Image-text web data
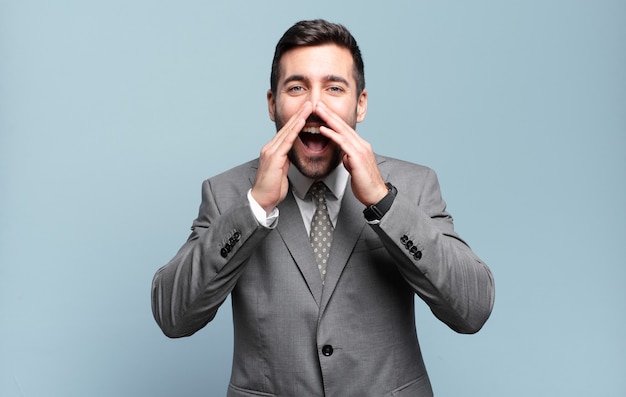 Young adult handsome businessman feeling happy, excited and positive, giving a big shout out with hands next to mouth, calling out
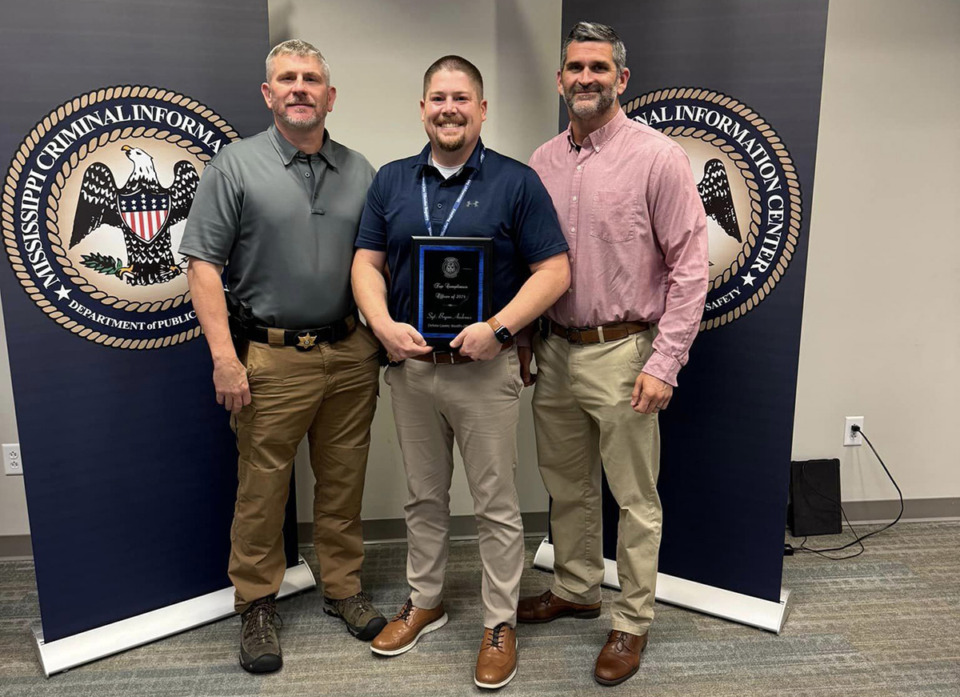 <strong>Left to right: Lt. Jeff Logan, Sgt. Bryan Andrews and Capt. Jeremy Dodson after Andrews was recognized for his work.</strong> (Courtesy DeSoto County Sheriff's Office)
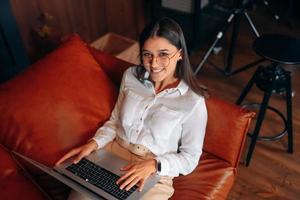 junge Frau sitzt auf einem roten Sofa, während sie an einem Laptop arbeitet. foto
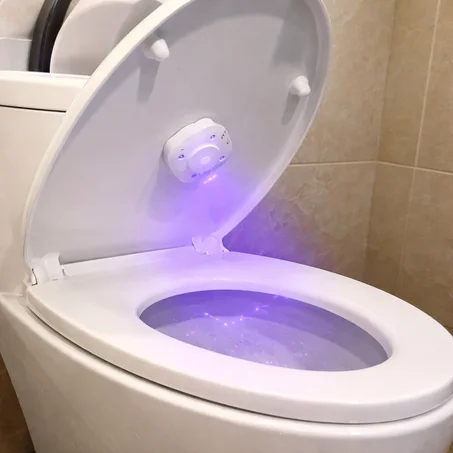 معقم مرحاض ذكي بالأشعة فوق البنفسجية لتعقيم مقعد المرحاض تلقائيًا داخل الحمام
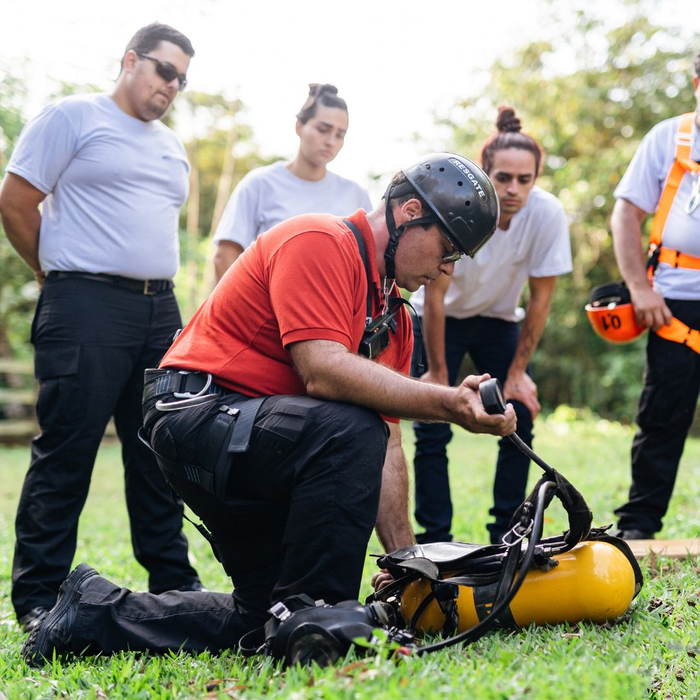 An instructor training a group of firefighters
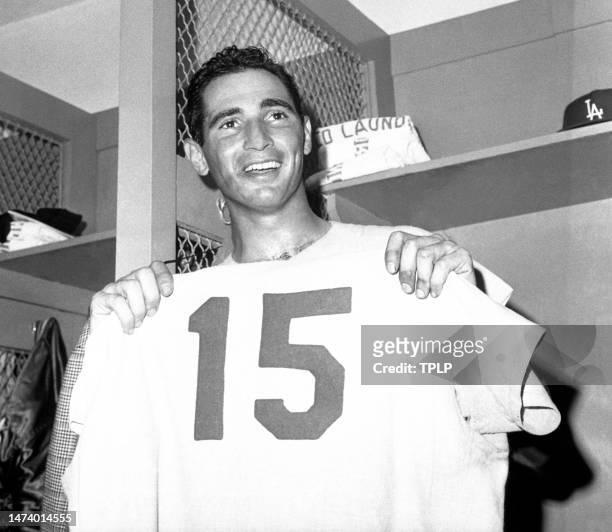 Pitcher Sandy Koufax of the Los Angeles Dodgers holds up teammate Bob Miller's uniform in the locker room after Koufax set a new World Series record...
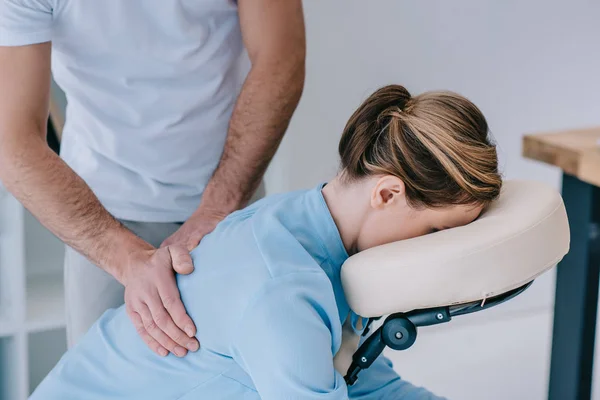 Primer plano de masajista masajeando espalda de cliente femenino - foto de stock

WHAT NEEDS TO BE DONE —
With the pictures left out, transcribe exactly the lines from the line holding "An instructor training" through the closing line of the entries.

RESPONSE TO THIS EXERCISE —
 An instructor training a group of firefighters
 Pitcher Sandy Koufax of the Los Angeles Dodgers holds up teammate Bob Miller's uniform in the locker room after Koufax set a new World Series record...
 Primer plano de masajista masajeando espalda de cliente femenino - foto de stock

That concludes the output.